AND then one thing and another brought the thought into my mind, so that I had to face it and tell people how I felt about it. There were neighbours, wanting to know when I would be about my work again. That it was that first made me understand that others did not feel as I was feeling.

"They're thinking I'll be going back to work again," I told John's mother. "I canna'!"

She felt as I did. We could not see, either of us, in our grief, how any one could think that I could begin again where I had left off.

"I canna'! I will not try!" I told her, again and again. "How can I tak up again with that old mummery? How can I laugh when my heart is breaking, and make others smile when the tears are in my eyes?"

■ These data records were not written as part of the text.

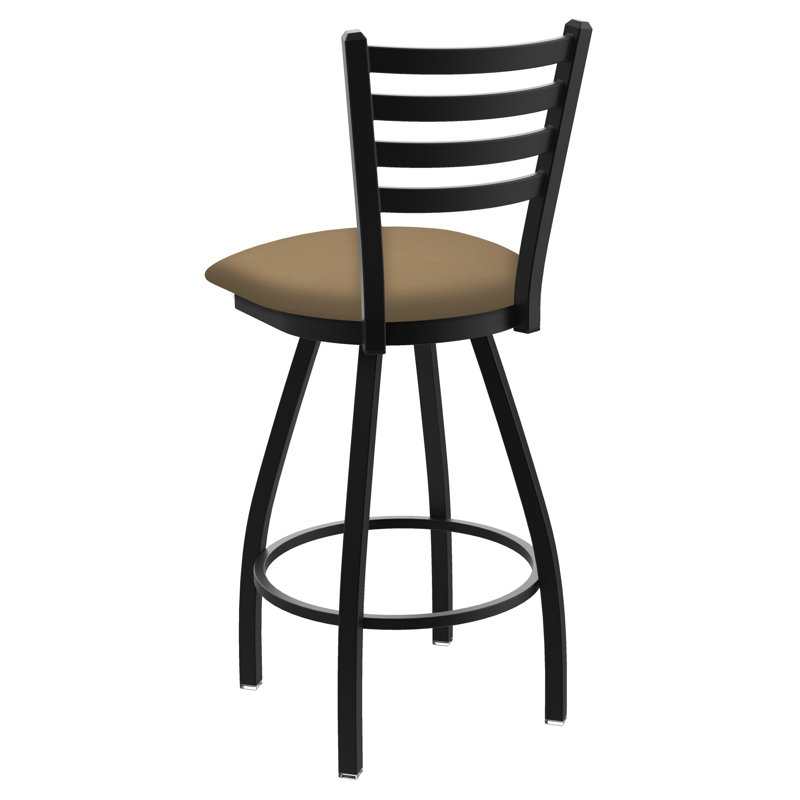 Tabouret de bar pivotant de 36" Evers, Noir froissé, Vinyle - sable Canter, Extra Tall (36” Seat Height)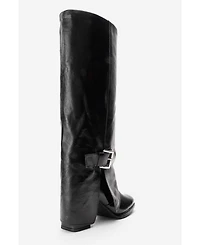 Forever & Always Shoes Women's Lojo Leather Block Heel Boot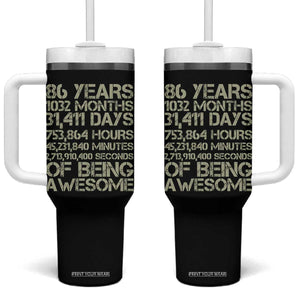 Vintage 86th Milestone Birthday Tumbler With Handle 86 Years Of Being Awesome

And she thought as I did, that I could not, and that no one should be asking me. The war had taken much of what I had earned, in one way or another. I was not so rich as I had been, but there was enough. There was no need for me to go back to work, so far as our living was concerned. And so it seemed to be settled between us. Planning we left for the future. It was no time for us to be making plans. It mattered little enough to us what might be in store for us. We could take things as they might come.

So we bided quiet in our home, and talked of John. And from every part of the earth and from people in all walks and conditions of life there began to pour in upon us letters and telegrams of sympathy and sorrow. I think there were four thousand kindly folk who remembered us in our sorrow, and let us know that they could think of us in spite of all the other care and trouble that filled the world in those days. Many celebrated names were signed to those letters and telegrams, and there were many, too, from simple folk whose very names I did not know, who told me that I had given them cheer and courage from the stage, and so they felt that they were friends of mine, and must let me know that they were sorry for the blow that had befallen me.

Then it came out that I meant to leave the stage. They sent word from London, at last, to ask when they might look for me to be back at the Shaftesbury Theatre. And when they found what it was in my mind to do all my friends began to plead with me and argue with me. They said it was my duty to myself to go back.

"You're too young a man to retire, Harry," they said. "What would you do? How could you pass your time if you had no work to do? Men who retire at your age are always sorry. They wither away and die of dry rot."

"There'll be plenty for me to be doing," I told them. "I'll not be idle."

But still they argued. I was not greatly moved. They were thinking of me, and their arguments were addressed to my selfish interests and needs, and just then I was not thinking very much about myself.

And then another sort of argument came to me. People wrote to me, men and women, who, like me, had lost their sons. Their letters brought the tears to my eyes anew. They were tender letters, and beautiful letters, most of them, and letters to make proud and glad, as well as sad, the heart of the man to whom they were written. I will not copy those letters down here, for they were written for my eyes, and for no others. But I can tell you the message that they all bore.

"Don't desert us now, Harry!" It was so that they put it, one after another, in those letters. "Ah, Harry—there is so much woe and grief and pain in the world that you, who can, must do all that is in your power to make them easier to bear! There are few forces enough in the world to-day to make us happy, even for a little space. Come back to us, Harry—make us laugh again!"

It was when those letters came that, for the first time, I saw that I had others to consider beside myself, and that it was not only my own wishes that I might take into account. I talked to my wife, and I told her of those letters, and there were tears in the eyes of us both as we thought about those folks who knew the sorrow that was in our hearts.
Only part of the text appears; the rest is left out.